"負けなかった"バージニア大。同校史上初のNCAAトーナメント制覇を達成。

2018-2019シーズンのカレッジ王者の座をかけて争われたNCAAトーナメント決勝は、共に初優勝を狙うバージニア大とテキサス工科大の対戦に。
NCAA屈指のディフェンス力を誇るチーム同士の対戦は、NCAAトーナメント決勝では2008年以来となる延長戦にもつれ込みました。

ここまでのトーナメントで多くの逆境を跳ね返してきたバージニア大。
延長でもテキサス工科大に先手を取られますが、動じることなく自分たちのバスケットを遂行し逆転。
85-77でバージニア大が勝利し、同校史上初となるNCAA王者に輝きました。

FINAL4のMOP(Most Outstanding Player=最優秀選手)には、決勝で24得点を記録したカイル・ガイが選出されています。

逆転勝利を引き寄せたバージニア大の不動心


今大会のバージニア大はどこで敗退していてもおかしくなかった。
彼らの戦いぶりは"勝ち上がった"よりも"負けなかった"が適当な様に思う。
ELITE8での対パデュー大戦では後半残り6.9秒で3点ビハインド、FINAL4での対オーバーン大戦でも残り17.6秒で4点のビハインドを背負っていた。
決勝でも後半残り22.5秒で3点ビハインド、延長でもテキサス工科大にリードを許した。
それでもバージニア大は負けなかった。
どんな逆境に立たされようとも、彼らのプレーがブレることはなかった。
試合後のインタビューで、バージニア大のフレッシュマン、キーヘイ・クラークは
“We just play our game and never get rattled.(迷うことなく自分たちのプレーをしただけ)”
とコメントを残している。
このバージニア大の不動心には昨年のNCAAトーナメントでの苦い経験が影響している様に思う。

昨年のバージニア大は今年同様、NCAA屈指のディフェンスを武器に第1シードでNCAAトーナメントに出場。
強豪ひしめくACCでレギュラーシーズン17勝1敗と抜群の安定感を見せ、FINAL4進出に大きな期待が寄せられた。
しかし、蓋を開けてみれば初戦で第16シードのUMBCに20点差で完敗。
第1シード校の第16シード校への敗戦は史上初という不名誉な結果でトーナメントを去った。

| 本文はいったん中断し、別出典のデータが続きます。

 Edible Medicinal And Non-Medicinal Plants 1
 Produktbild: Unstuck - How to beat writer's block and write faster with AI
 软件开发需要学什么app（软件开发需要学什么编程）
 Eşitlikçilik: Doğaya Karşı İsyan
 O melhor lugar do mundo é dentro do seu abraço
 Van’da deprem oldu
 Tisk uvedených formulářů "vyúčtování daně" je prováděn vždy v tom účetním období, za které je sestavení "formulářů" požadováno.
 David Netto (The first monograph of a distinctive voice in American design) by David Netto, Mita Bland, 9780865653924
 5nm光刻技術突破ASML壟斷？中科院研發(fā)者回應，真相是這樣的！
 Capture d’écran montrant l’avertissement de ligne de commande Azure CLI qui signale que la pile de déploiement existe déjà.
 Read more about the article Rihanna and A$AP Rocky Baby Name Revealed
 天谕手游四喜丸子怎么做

今年のバージニア大の主力選手達は昨年のトーナメントで屈辱を味わった選手達。
今回のトーナメントでは、多くの逆境にさらされたが決して動じることなく自分たちのプレーを遂行。
昨年の雪辱を果たし、同校史上初のNCAAトーナメント優勝を掴んだ。

後一歩及ばなかったテキサス工科大の勢い

決勝までのテキサス工科大の勝ち上がり方は素晴らしかった。
堅守で粘り、勝負所でマット・ムーニー、ダビデ・モレッティ、ブランドン・フランシスが火を噴き相手を突き放し、勝負どころではエースのジャレッド・カルバーが決定的な仕事をしてみせた。

ELITE8では八村塁擁するカレッジ屈指のタレント集団のゴンザガ大を粉砕し、FINAL4でもミシガン州立大を振り切った。
今大会のテキサス工科大の勢いは凄まじく、同校史上初のFINAL4出場だけでなく、そのまま全米王者の座を奪い取ることも予感させた。

決勝でも後半残り10分強での10点のビハインドをジリジリと詰め寄り、残り35.1秒にはカルバーのドライブで逆転し、テキサス工科大の勝ちゲームの様に思われた。

延長でもテキサス工科大躍進の原動力であるムーニーが連続で得点し先手を取った。
圧倒的有利はテキサス工科大だった。

しかし、どんな逆境に置かれようとバージニア大が動揺することは無かった。
バージニア大は延長で獲得した12本のフリースローを全て成功。
抜群の集中力でテキサス工科大の勢いを受け流して見せた。

優勝こそ逃したものの、テキサス工科大は間違いなく今大会の主役だった。
タレントで勝るチームをディフェンスで抑え込み、小さなガード陣がとどめを刺すゲーム展開は爽快だったし、FINAL4で負傷退場したタリク・オーウェンスが復帰してくるシーン等、多くの場面で会場を盛り上げた。
デューク大の様なNBA上位候補を揃えたチームでなく、上級生かつ他大からの転校生を主力とするテキサス工科大の躍進は、カレッジバスケの醍醐味を改めて感じさせてくれた。